Processing the beans
After the beans were harvested, we walked alongside the donkeys hauling the bags of beans headed to the de-pulping and washing station. The coffee cherries are gravity- and water-fed through the de-pulper. Once the cherries have been sliced open they continue down the washing station, where they pass through a large screen.
They are soaked overnight in water to ferment, then continue down the washing station the following day on their way to be dried in the sun. In previous harvests, they hauled the beans in wheelbarrows down to be dried. With modernization the last couple of years, they are now piped under the road, then hauled a short distance to be raked out into a thin layer.
Once the beans are dried, they are placed in their new storage facility, awaiting their long trek to the city. The cherry pulp is then composted and used in a fertilizer mix later in the year that is spread over the coffee plants.
Challenges in the field decrease yield
The farmers are working with Luis, Cepicafe’s agronomist, to cultivate the soil to increase production to combat the problems they are having with disease. In Cayona, they’re fighting two problems: rooster eye and rust. Four years ago, the farmers were yelding about 225,000 to 250,000 pounds of good-quality, exportable coffee. This year, they are hoping for 100,000 pounds.
Milling, cupping and tasting
We drove the smoother but longer drive up through Canchaque (the proclaimed organic coffee capital of Piura) and back down to the town of Piura. When we visited the co-op’s coffee-milling facility, the plant manager showed us how they process the coffee coming from the farms. This is where they remove the parchment from the beans, sort them and bag them into 60-kilo burlap bags. Upstairs was the QC lab with small roasters and a variety of brewing methods used to check the quality of the crop coming in from the farms.

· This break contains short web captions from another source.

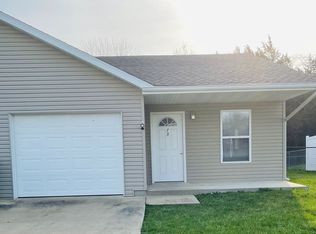 73 Montee Ln, Sullivan, MO 63080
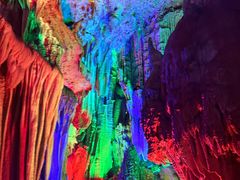 -融水老君洞景区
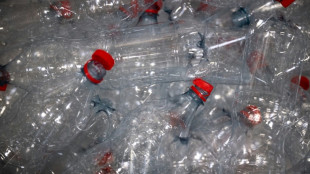 Consigne plastique: le ministre re&ccedil;oit mardi l'ensemble des parties prenantes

Along with coffee cupping, we were lucky enough to taste some chocolate. Coffee and chocolate – yes, please! The cacao farmers have discovered they have been farming a rare heirloom varietal thought to be extinct. This white cacao is fetching top prizes and top dollar in the world market.
In the lab, we tasted the roasted beans, pure chocolate liquor and sampled chocolate. I was quite intrigued to find the characteristics of the beans were prominent in the flavor of the finished product. The liquor was intensely flavored and salty, with notes of sesame seeds, almonds and vanilla with underlying acidity throughout and a slight bitterness and smokiness on the finish. The finished chocolate bar had notes of coconut on the nose, with a tangy-tart tamarind fruit on the palate, followed with black currants and finished with an almost malted barley creaminess.
This was such a wonderful, truly incredible trip! I’ve learned in talking with our local coffee roasters that several of them have been buying beans from Cepicafe over the years; it was great to make the trip and have that local connection. If you would like to hear more stories of my travels or see more pictures, please stop by the Corvallis Market and ask me about it. I am happy to share them with you!